America's ambassador to Turkey has said it will consider any extradition request if it meets US legal requirements.
But US ambassador John Bass said his country was willing to help Turkey investigate the coup attempt, rejecting any suggestion America was trying to undermine Turkish security.
He said it was "categorically untrue" that the US had backed the coup attempt.
A man has been killed in an apparent shootout between Turkish police and military units in Ankara.
The circumstances of the shooting were not immediately made clear.
Prime Minister Binali Yildirim hinted that a refusal to transfer the 75-year-old bitter rival of President Erdogan will bring trouble to the two countries' relationship.
We would be disappointed if our (American) friends told us to present proof even though members of the assassin organisation are trying to destroy an elected government under the directions of that person.
Gulen has strongly denied any involvement in Friday's coup attempt and US Secretary of State John Kerry has said that Ankara must provide genuine evidence that withstands scrutiny when it requests his extradition.
Yildirim said that Turkey has documents detailing the responsible parties of the failed coup attempt.

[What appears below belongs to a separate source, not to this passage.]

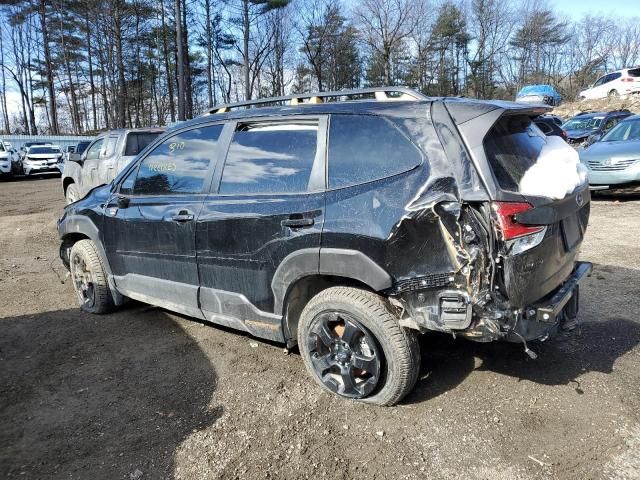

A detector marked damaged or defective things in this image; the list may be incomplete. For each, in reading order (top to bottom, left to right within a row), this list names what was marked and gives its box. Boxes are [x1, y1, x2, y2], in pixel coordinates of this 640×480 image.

damaged black suv [58, 87, 592, 404]
broken tail light [490, 202, 544, 240]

The coup plotters had detailed plans on who would take ministerial posts and who would act as the head of martial law, he said.
Demonstrations are expected to take place outside the US consulate building in Turkey today, with American citizens urged to avoid the area.
The US Consulate General in Istanbul issued the warning as tensions between the two countries grew over Turkey's demands for the extradition of US-based cleric Fethullah Gulen in relation to Friday's attempted coup.
Turks have been marching and protesting in public places to demonstrate support for President Tayyip Erdogan since early on Saturday morning.
On Twitter, some accounts urged followers to meet at the US Consulate on Monday afternoon.
The prime minister of Turkey has said that is "not correct" to make a hasty decision about bringing back the death penalty following an attempted coup on Friday.
Speaking after a cabinet meeting, Binali Yildirim said the country cannot "ignore the demands of our people" but said that reinstating capital punishment would require constitutional change.
EU High Representative for Foreign Affairs Federica Mogherini said that no country that has the death penalty can become and EU member.
She said that Turkey is part of the Council of Europe and is therefore bound by the European Convention on Human Rights.
Secretary of State John Kerry has warned Turkey not to go "too far" in bringing order following Friday's attempted coup.
Speaking at a news conference in Brussels, Kerry said the US supports bringing the perpetrators to justice but says that President Erdogan is "firmly urged" to maintain calm, uphold the rule of law and show respect for institutions.
The US has a formal process for dealing with extradition requests, Turkey must send evidence not allegations.
Erdogan has accused Gulen, a 75-year-old cleric, of organising the attempted coup that has so far has left more than 200 people dead.
Gulen staunchly denies any involvement in the plot.
Turkey has removed 8,000 police officers from their roles due to alleged links with Friday's failed coup attempt, a senior security official has told Reuters.